Retail ETF Showdown – XRT, RTH, PMR
Halloween is still a few weeks away… but we’re already seeing retailers prepping for the holiday season.
Retailers are always anxious to get the holiday shopping season underway and they seem to get it started earlier every year. And after the disappointing September retail sales data, I’m sure they’re chomping at the bit to get consumers spending again.
You see, retail sales dropped 0.3% last month. That was worse than the 0.2% drop the market was expecting. The weakness in spending was widespread… autos, gasoline, internet retailers, clothing stores, and home-improvement places all had declining sales.
Needless to say, retailers will be doing everything in their power to get consumers to open their wallets during the holiday shopping season this year.
I think there’s a good chance retailers will get their wish…
Right now food and gas prices are falling. Gasoline prices are down 2.6% in the last month alone and diesel prices aren’t far behind. This helps retailers on two fronts.
First off, lower food and gas prices mean that consumers will have more money to spend on everything else. And since it’s the holidays, we’ll likely see that money being spent at other retailers rather than saved.
What’s more, retailers won’t pass along all of the drop in food and gas prices. They’ll pocket some of it and allow their profit margins to expand.
Don’t forget that fuel is a major cost for retailers. Nearly all food and other goods are transported by trucks. So the drop in fuel prices will help boost retailers’ earnings in the fourth quarter.
That’s a very compelling reason to have exposure to retail stocks this holiday season.
Let’s take a look at three retail ETFs…
SPDR S&P Retail ETF (XRT) is the largest of all retail ETFs. It currently has $826 million in assets under management.
At a recent price of $83.21, XRT is down 7.4% from the 52-week high and is down 5.25% year to date. It has a dividend yield of 0.8%. And the expense ratio is 0.35%.
XRT is made up of 102 stocks in retail industry.
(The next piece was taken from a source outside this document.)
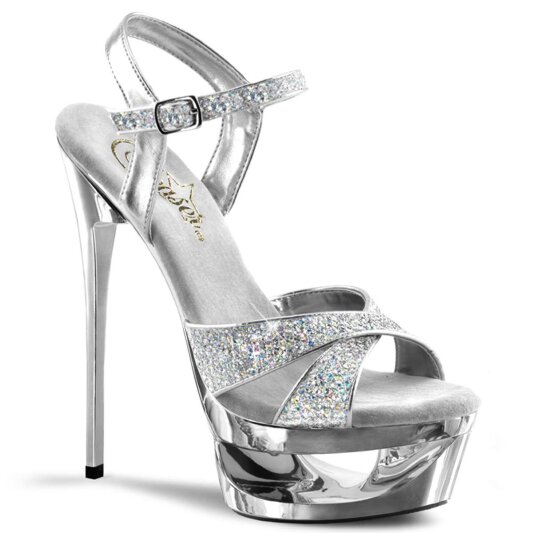 Pleaser Sandales ECLIPSE-619G Argent Multi Paillettes Chrome EU-35/US-5
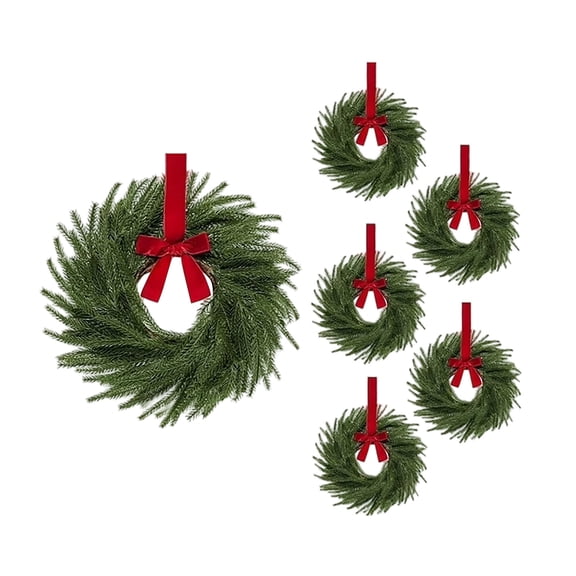 JIhuahe Christmas Kitchen Cabinet Wreaths with Plaid Bow Ribbon, 12-Inch 6-Pack 3D Hanging Decor for Cabinet Doors, Indoor Outdoor Holiday Decoration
The stocks are equally weighted.
The equal weighting methodology skews this ETF toward smaller retailers. As a result, apparel retailers and specialty stores that are typically smaller make up 41% of XRT.
These retailers should see a nice boost in sales this holiday season.
Market Vectors Retail ETF (RTH) only has a fraction of the assets that XRT has under management. It currently has $59 million in assets.
At a recent price of $60.93, RTH is down 4.4% from the 52-week high and it’s only down 0.8% year to date. It has a dividend yield of 1.01% and an expense ratio of 0.35%.
RTH is outperforming XRT because it is dedicated to only the largest retail companies. It currently has 27 stocks that are weighted according to their market cap.
As a result, stores like Amazon.com (AMZN), Wal-Mart (WMT), Home Depot (HD), and CVS Caremark (CVS) dominate the holdings. They combine for 35% of RTH’s holdings.
PowerShares Dynamic Retail Portfolio (PMR) is an interesting retail ETF. But it has failed to gain traction with investors. PMR currently has just $20 million in assets under management.
That puts PMR at risk of being shut down by Powershares.
So far this year, PMR is down 6.5% and it’s 10.6% off the 52-week high. This ETF has the worst performance of all three of the retail ETFs. Yet, it has the largest expense ratio at 0.63%.
I’d avoid PMR. The performance is bad and the fees are too high.
Here’s the bottom line…
XRT, RTH, and PMR all approach the retail industry in a different way. XRT is spread across a large number of stocks from small and large companies alike. RTH focuses on the largest retailers. And PMR uses an unsuccessful fundamental weighting methodology that is causing it to underperform.
That makes XRT and RTH the best ways to use ETFs to get exposure to the retail industry as the holiday shopping season gets underway.